Problem = Return each line of the entries that holds the string "Gray".
↓
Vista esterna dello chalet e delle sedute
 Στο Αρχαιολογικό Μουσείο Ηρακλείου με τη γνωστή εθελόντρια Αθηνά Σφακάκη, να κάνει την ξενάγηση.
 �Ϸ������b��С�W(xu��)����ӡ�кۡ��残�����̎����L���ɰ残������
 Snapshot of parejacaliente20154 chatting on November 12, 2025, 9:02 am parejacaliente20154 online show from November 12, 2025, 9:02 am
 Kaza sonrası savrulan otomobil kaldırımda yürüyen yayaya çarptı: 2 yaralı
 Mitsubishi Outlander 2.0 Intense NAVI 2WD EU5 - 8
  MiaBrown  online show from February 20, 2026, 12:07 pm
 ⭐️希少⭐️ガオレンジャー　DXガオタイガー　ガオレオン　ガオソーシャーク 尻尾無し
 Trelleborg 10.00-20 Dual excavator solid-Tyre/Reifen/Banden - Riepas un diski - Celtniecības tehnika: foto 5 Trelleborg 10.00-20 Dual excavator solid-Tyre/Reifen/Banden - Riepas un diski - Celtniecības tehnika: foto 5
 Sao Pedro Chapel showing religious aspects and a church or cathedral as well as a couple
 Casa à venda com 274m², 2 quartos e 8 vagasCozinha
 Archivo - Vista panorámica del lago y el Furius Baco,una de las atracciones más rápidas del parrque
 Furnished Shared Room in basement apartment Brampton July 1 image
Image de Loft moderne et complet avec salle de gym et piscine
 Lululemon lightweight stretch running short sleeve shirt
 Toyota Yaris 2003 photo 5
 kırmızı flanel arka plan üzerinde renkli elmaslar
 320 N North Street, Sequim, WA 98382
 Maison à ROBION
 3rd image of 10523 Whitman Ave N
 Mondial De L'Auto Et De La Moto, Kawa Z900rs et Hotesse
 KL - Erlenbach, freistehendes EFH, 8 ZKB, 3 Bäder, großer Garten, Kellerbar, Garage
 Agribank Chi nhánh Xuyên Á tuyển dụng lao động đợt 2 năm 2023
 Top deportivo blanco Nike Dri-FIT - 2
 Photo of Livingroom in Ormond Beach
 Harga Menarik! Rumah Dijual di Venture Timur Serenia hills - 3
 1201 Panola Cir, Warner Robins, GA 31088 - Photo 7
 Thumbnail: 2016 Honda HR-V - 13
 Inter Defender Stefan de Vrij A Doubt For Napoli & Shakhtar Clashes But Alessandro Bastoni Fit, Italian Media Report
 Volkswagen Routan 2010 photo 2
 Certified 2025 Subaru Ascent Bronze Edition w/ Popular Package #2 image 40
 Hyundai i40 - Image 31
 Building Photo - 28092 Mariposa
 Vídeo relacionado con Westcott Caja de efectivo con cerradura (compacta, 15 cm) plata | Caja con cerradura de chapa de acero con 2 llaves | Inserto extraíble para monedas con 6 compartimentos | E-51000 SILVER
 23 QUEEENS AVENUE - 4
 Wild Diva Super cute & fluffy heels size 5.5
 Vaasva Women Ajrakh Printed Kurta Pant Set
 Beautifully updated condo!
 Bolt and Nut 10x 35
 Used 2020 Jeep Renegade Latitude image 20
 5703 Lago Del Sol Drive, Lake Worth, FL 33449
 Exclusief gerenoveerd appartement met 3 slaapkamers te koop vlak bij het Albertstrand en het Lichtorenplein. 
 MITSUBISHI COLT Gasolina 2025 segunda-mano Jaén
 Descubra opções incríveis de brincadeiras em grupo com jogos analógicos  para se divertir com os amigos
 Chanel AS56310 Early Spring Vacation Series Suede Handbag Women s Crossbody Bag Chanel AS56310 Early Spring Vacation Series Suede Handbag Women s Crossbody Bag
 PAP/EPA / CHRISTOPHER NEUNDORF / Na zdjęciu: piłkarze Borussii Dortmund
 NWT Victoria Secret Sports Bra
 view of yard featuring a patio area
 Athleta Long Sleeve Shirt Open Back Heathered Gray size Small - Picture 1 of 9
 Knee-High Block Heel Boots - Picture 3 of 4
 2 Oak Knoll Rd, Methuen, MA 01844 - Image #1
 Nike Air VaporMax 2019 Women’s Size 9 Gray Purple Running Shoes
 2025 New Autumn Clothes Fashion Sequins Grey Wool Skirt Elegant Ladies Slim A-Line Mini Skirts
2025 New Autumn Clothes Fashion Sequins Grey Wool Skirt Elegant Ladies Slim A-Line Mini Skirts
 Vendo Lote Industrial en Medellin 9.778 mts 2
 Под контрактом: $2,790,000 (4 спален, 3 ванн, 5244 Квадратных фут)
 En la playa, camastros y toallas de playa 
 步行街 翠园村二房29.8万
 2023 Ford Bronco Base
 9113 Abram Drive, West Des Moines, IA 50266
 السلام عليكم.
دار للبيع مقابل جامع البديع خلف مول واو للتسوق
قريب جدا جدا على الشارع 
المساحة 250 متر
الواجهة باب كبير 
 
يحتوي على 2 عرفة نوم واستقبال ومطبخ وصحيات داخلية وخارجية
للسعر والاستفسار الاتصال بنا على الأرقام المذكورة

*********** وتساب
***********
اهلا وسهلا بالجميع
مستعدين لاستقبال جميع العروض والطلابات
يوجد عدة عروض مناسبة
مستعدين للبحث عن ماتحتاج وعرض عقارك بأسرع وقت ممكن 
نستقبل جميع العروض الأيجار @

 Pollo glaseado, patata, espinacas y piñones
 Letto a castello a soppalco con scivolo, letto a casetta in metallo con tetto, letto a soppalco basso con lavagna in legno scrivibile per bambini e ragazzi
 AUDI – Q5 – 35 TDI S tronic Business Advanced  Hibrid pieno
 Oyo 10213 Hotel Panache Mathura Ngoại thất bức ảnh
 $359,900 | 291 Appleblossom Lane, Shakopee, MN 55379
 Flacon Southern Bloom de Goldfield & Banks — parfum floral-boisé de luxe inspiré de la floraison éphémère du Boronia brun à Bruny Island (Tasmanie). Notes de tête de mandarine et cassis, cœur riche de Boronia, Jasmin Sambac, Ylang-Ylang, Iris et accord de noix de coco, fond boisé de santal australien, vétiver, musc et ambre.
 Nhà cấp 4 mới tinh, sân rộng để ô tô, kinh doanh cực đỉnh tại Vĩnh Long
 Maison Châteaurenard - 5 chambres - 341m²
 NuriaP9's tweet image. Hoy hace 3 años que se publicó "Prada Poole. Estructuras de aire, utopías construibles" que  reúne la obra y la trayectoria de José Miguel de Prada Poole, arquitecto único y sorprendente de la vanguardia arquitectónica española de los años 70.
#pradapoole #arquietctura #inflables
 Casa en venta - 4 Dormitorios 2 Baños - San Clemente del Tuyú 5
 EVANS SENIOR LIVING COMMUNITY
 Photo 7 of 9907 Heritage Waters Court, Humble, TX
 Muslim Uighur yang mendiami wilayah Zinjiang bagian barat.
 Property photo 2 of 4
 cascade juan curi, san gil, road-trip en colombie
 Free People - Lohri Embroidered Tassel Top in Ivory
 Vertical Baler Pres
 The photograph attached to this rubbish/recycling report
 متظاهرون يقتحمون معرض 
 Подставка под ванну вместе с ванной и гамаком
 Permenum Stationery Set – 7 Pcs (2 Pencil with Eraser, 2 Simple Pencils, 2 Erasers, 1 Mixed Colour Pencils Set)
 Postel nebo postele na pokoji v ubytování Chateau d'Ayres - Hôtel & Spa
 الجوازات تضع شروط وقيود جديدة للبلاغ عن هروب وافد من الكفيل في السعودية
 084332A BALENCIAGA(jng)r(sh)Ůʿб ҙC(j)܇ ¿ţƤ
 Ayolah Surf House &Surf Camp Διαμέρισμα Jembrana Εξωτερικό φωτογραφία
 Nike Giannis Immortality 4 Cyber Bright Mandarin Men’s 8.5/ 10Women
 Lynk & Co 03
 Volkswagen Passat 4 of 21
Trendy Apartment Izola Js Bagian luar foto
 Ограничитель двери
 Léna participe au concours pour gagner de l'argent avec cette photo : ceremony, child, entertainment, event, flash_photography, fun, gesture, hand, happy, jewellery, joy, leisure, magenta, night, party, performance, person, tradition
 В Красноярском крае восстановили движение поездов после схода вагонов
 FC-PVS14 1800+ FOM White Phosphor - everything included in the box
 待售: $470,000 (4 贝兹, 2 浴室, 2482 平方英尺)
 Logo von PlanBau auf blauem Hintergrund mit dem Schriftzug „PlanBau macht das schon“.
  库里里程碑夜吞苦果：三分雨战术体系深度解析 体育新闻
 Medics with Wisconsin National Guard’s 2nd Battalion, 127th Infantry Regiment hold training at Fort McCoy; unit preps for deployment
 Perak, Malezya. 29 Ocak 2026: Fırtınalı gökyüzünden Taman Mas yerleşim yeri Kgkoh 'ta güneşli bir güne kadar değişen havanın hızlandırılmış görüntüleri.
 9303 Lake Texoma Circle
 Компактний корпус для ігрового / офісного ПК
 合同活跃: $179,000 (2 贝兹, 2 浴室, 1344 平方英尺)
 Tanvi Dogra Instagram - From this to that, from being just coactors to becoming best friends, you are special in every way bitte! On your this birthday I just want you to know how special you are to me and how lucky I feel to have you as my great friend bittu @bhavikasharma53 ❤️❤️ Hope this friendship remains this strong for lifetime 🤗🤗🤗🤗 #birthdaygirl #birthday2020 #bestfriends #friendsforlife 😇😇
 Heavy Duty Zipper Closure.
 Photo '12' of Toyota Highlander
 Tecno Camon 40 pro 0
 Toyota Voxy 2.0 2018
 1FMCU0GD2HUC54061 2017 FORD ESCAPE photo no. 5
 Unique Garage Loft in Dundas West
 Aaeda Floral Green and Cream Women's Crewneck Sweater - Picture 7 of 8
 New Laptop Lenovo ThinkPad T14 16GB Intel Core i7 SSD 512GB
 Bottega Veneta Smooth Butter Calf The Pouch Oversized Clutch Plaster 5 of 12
↑
Reply to the task =
 Athleta Long Sleeve Shirt Open Back Heathered Gray size Small - Picture 1 of 9
 Nike Air VaporMax 2019 Women’s Size 9 Gray Purple Running Shoes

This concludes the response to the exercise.